One of the movement’s heroes, March on Washington organizer Bayard Rustin, penned a column, “From Protest to Politics,” in which he laid out a new roadmap for helping take the next steps not just for black opportunity, but for actual black equality.
A veteran of the nonviolent civil disobedience tradition, Rustin was long-steeped in demonstrations. But his message to his fellow activists was clear: It’s time for the movement to pivot. It’s time, if the movement was to make even more fundamental progress toward racial equality, to become more serious about politics. He wrote: “A conscious bid for political power is being made, and in the course of that effort a tactical shift is being effected: direct-action techniques are being subordinated to a strategy calling for the building of community institutions or power bases….What began as a protest movement is being challenged to translate itself into a political movement.”
In many ways, we’re beginning to see a similar shift by the animal protection movement today. Animal advocates indeed have made important strides in recent
years, especially in shining a spotlight on the routine abuse of animals raised for food. And now, the movement is in getting far more involved in political campaigns than ever before.
Animal advocates have used ballot measures with great success since the early 1990s, but those were primarily waged because of an inability to pass reforms through state legislatures, which were in the grips of animal-use industries. Why are those special interests so influential? Their political influence doesn’t stem from factory farmers or hunters making up majorities of constituents, but from those industries’ political involvement.

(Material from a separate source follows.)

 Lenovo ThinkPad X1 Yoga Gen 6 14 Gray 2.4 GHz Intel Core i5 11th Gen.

Today, we’re seeing a large increase in state animal protection political action committees (PACs), animal advocates running for office, and animal advocates’ direct involvement in candidate races. And these actions are already yielding dividends, with literally hundreds of state animal protection laws enacted across the country in just the past few short years.
This pivot by the movement is critical. The animal protection movement is right about how detestable the rampant cruelty we inflict on our fellow creatures is. But being right, unfortunately, is rarely enough. Animals need us to be both right and effective.

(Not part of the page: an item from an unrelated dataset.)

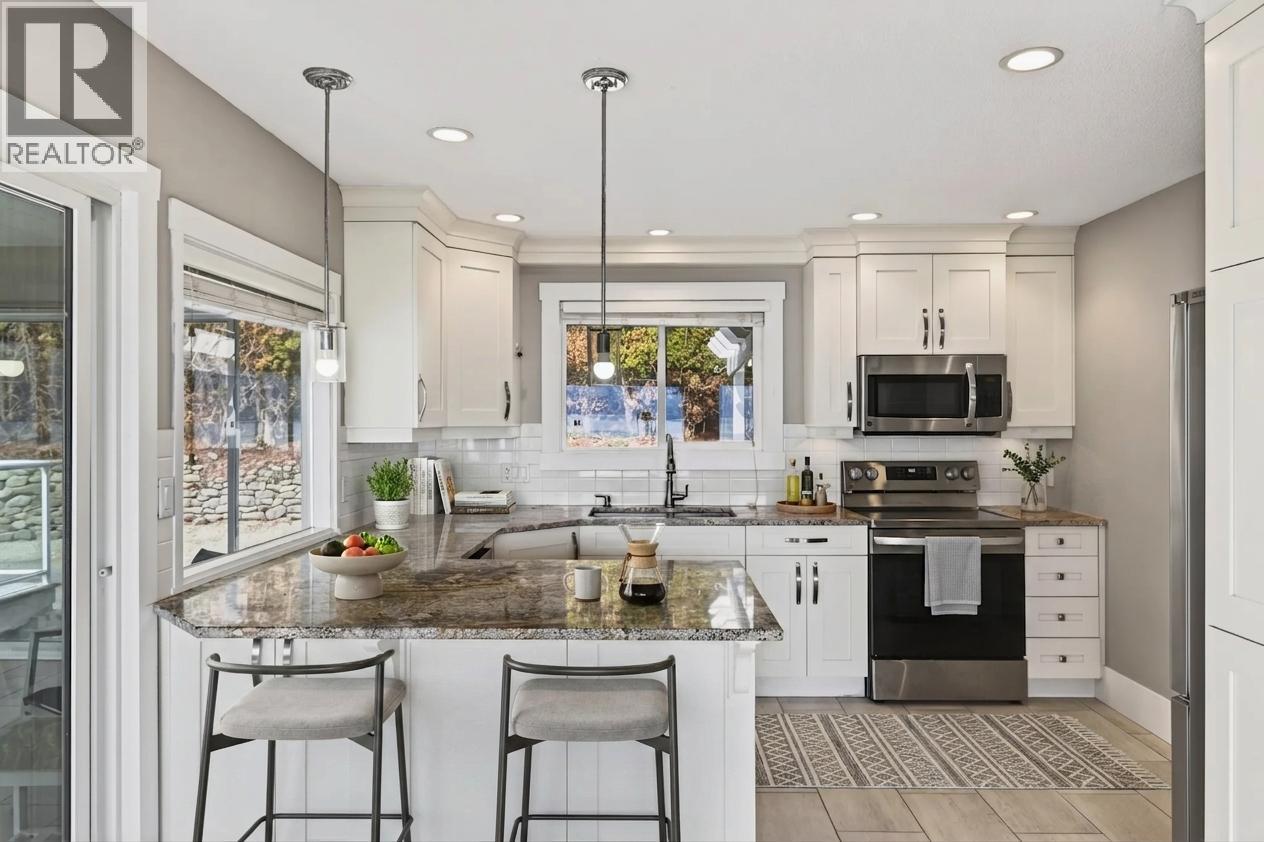  3940 Angus Drive, West Kelowna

The importance of changing laws to protect animals from cruelty can’t be overstated. In addition to reducing suffering—such laws codify the notion that animals’ interests matter. And making the animal protection movement a political force to be reckoned with—one with even more political influence than those who defend animal cruelty —will only come to be when enough animal protectionists dive into the political game and start delivering the votes and other resources that sway policy-makers.
Rustin was right that creating a voting bloc and obtaining political power was the right pathway forward for civil rights. The same should be so for many other social justice movements today, including animal protection. When it comes to rectifying societal injustices, as civil rights activist Florynce Kennedy so aptly put it: “Don’t agonize, organize.”